Tomaso Poggio develops computational models of brain function in order to understand human intelligence and to build intelligent machines that can mimic human performance.
Learning to see
For Tomaso Poggio, intelligence means the ability to learn. The essence of learning is the ability to generalize from specific examples. Newborn babies, for example, know very little about the visual world, yet they quickly learn to recognize thousands of objects around them. To accomplish this, they must learn from relatively few specific examples to recognize general categories such as animals, cars, or houses. They must also learn to correctly identify new examples that they have never seen before.
The ease with which our brains seem to accomplish this task is deceptive. Early attempts to build computer vision systems were largely unsuccessful, and served only to emphasize how difficult the task really is.
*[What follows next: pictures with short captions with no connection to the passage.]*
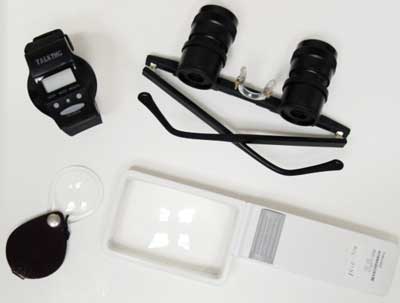 Image of low vision devices including hand held magnifiers, telescopes, and a talking watch.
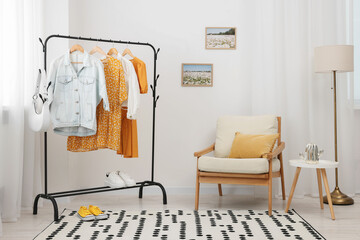 Stylish showroom interior with clothing rack and armchair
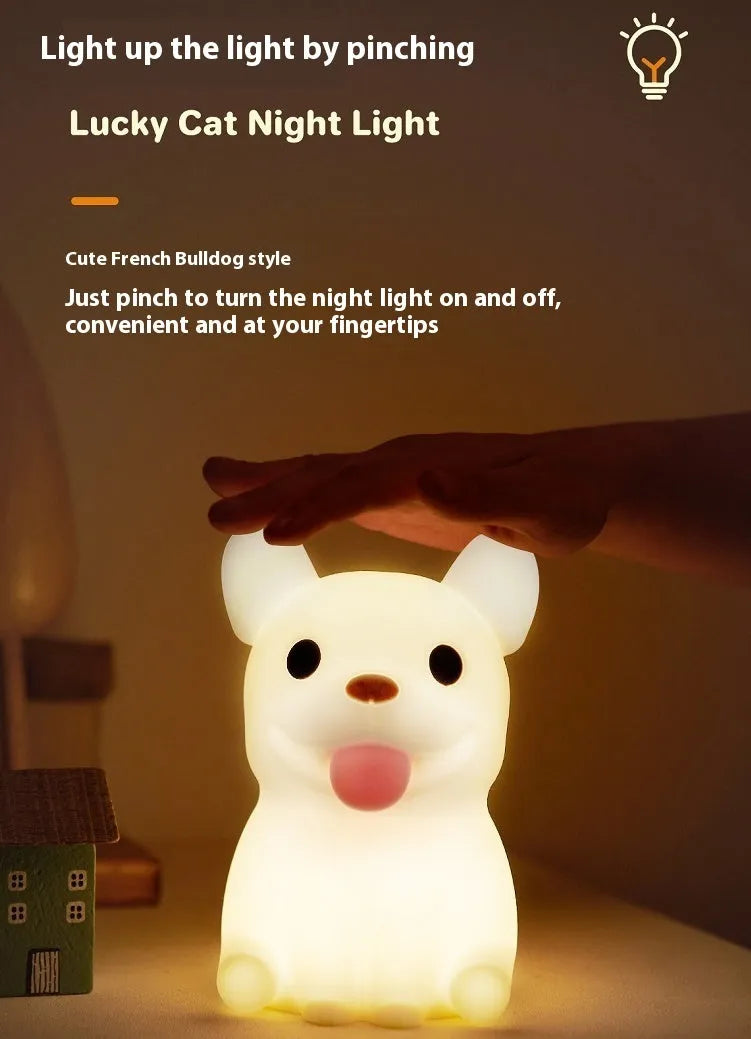 Silicone animal cartoon USB night light with Zodiac design on a bedside table.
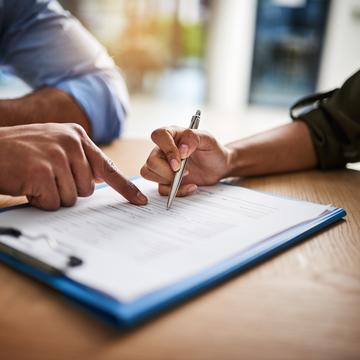 two people review paperwork on a clipboard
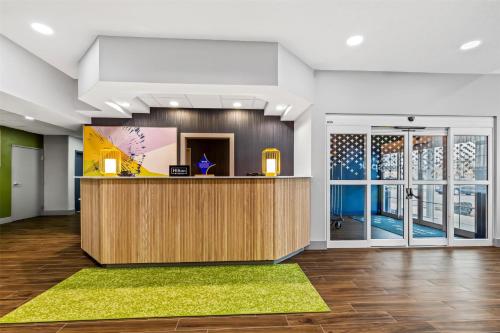 an office lobby with a reception desk and large windows at Spark by Hilton Wilkes Barre in Wilkes-Barre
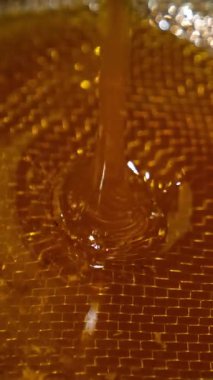 Makineden sızan altın bal akışı. Balmumu parçalarını filtrelemek için metal eleğe bal dökülüyor. Kapatın. Dikey video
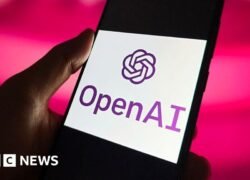 Rankoje laikomas išmanusis telefonas su ekrane rodomu OpenAI logotipu ir pavadinimu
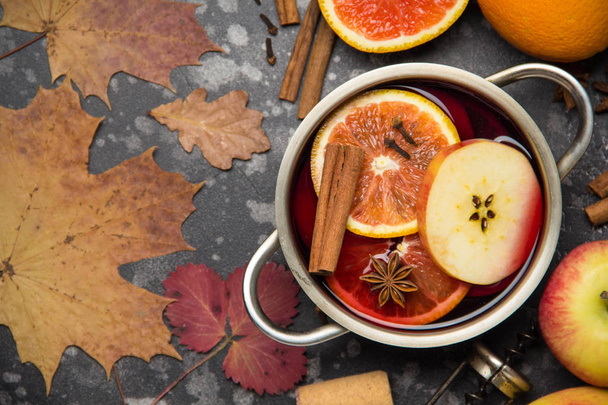 Preparation of red mulled wine with orange, Apple, cinnamon, tub, spicy autumn drink in the pan. Copy space for text, top view. Dark background - Φωτογραφία, εικόνα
Rather than designing an artificial system from scratch, Poggio's approach has been to look at the brain for answers.
The brain is known to decode visual information in a stepwise manner. Information is relayed from our eyes to a series of brain areas, each of which processes the information before relaying it to the next stage. Poggio, in collaboration with McGovern Institute investigator James Dicarlo, simulates this process on a computer using neural network models based on the known properties of real neurons. A recent version of Poggio's model has proved highly successful -- after the computer model is trained on a collection of images of natural scenes with or without animals, the computer learns to recognize the presence of animals with a success rate similar to that of human observers. The computer even makes the same mistakes as humans, suggesting that Poggio's model solves the visual task the same way we do.
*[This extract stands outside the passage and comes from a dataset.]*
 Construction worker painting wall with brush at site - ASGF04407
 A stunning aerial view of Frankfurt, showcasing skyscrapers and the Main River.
This simple model uses only "forward" signals. Poggio is now working on more complex models that mimick the forward and feedback signals within the human brain. This work may help explain brain disorders such as schizophrenia and autism, which Poggio suspects may involve problems associated with feedback signals or their integration with forward signals.
Tomaso Poggio is Eugene McDermott Professor in the Department of Brain and Cognitive Sciences and at the Artificial Intelligence Laboratory. He is a founding member of the McGovern Institute, and is also the director of the Center for Brains, Minds, and Machines, a multi-institutional collaboration headquartered at the McGovern Institute. He joined the MIT faculty in 1981, after ten years at the Max Planck Institute for Biology and Cybernetics in Tubingen, Germany. He received a Ph.D. in 1970 from the University of Genoa. Poggio is a Foreign Member of the Italian Academy of Sciences and a Fellow of the American Academy of Arts and Sciences. He was awarded the 2014 Swartz Prize for Theoretical and Computational Neuroscience.